Despite the contributions of AWE tools (i.e., Grammarly) to EFL writing competencies, previous studies have mentioned some limitations to these technological programs. For instance, Stevenson and Phakiti (2014) demonstrated in their study that there is not much certainty regarding the positive effects of AWE on writing process, as it may not generate improvements in writing proficiency. The reason behind this may be attributed to the fact that computers-based technologies do not have the required judgement to evaluate those elements that are often associated with adequate writing, such as logic, clarity, accuracy, fluency, and relevancy. As Liao (2016a) demonstrated, AWE tools cannot perform imperfectly while addressing written language concerns (i.e., meaning, idea development, humor or irony, features of writing in which higher-order thinking is needed, quality of evidence, to name just a few).

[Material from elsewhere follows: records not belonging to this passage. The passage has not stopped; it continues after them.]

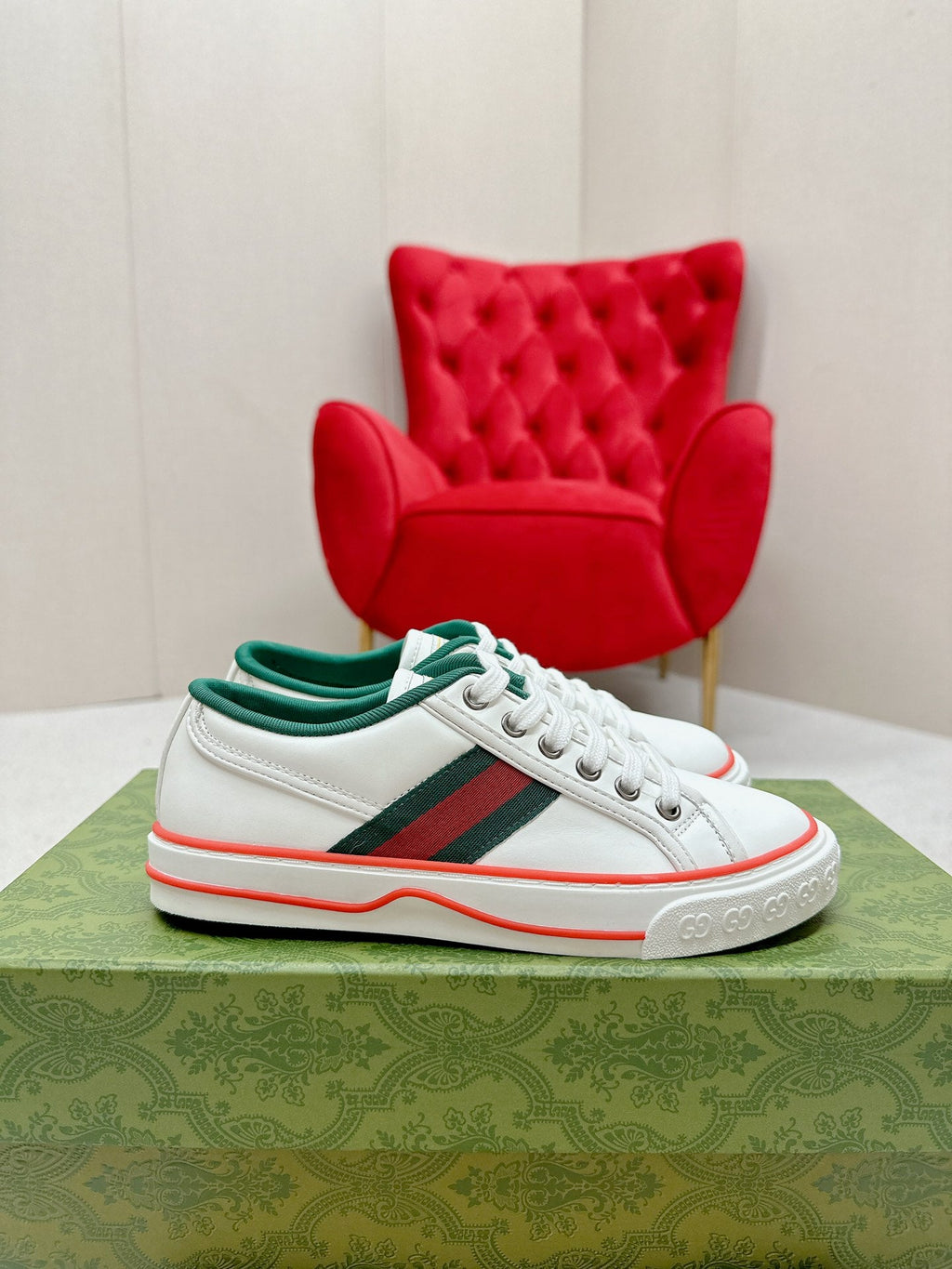 GUCCI 26S LOW TOP SNEAKERS IN WHITE CALFSKIN STYLE 18
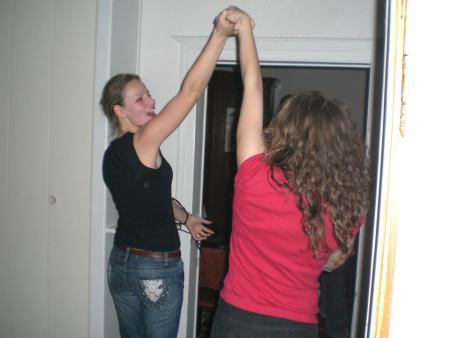 Marie et Sophie, encore en train de danser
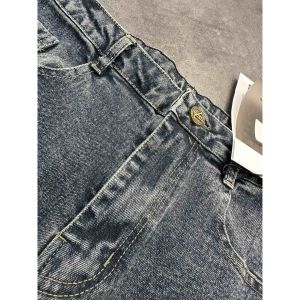 ルイヴィトン デニムパンツ 刺繍ロゴ 個性的 A29701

Therefore, due to its limitations and drawbacks, AWE needs to be employed as a supplemental instrument rather than a substitute for instructor feedback.

Taken together, while many researches have mainly focused on the processes and perspectives of L2 teachers and learners, few researches have examined the role of AWE tools in affecting the L2 writing skills and competencies. Furthermore, most of the previous studies have investigated commercial AWE tools while neglecting others, namely Grammarly. More importantly, so far, the research regarding the integration of AWE in SLA domain is in nascent stages and little is known about this computer-based tool. In addition, to the best knowledge of the researcher, so far, few (if any) studies have surveyed the effects of AWE tools, namely Grammarly on EFL students’ writing development. Hence, as an attempt to fill this research lacuna, the present study delved into the role of AWE in affecting L2 writing development and accuracy of EFL students, with a focus on the use of Grammarly.

2.3. The present study

The present study aimed to investigate the effectiveness of an Automated Writing Evaluation (AWE) tool on the second language writing skills of Chinese EFL learners. A randomized controlled trial (RCT) design was used, with participants being randomly assigned to either the experimental group or the control group. Both groups received 12 weeks of instruction, during which the treatment group underwent AWE-based instruction. In this instruction, participants utilized an AWE tool, Grammarly, to submit their written essays each week. The AWE tool provided immediate feedback on various aspects of writing, including grammar, spelling, vocabulary, and organization. Additionally, the treatment group attended weekly one-hour writing workshops designed to enhance their writing skills and incorporate the feedback from the AWE tool. In contrast, the control group received traditional writing instruction without the integration of AWE or the additional writing workshops. Based on the literature, it was hypothesized that the AWE-based writing instruction would lead to improvements in students’ writing skills, as reflected by the four measures used in this study.

3. Methods

3.1. Participants

The AWE-based writing evaluation intervention was administered as an extracurricular program targeting intermediate EFL students in Mainland China. Informed written consent was obtained from all participants prior to their involvement in the intervention. The study cohort comprised 190 intermediate EFL students (60% female), all of whom were enrolled in one of four distinct writing courses hosted by different institutes offering the writing intervention. The participants’ mean age was 21.5 years (SD = 2.8; range: 18–28 years).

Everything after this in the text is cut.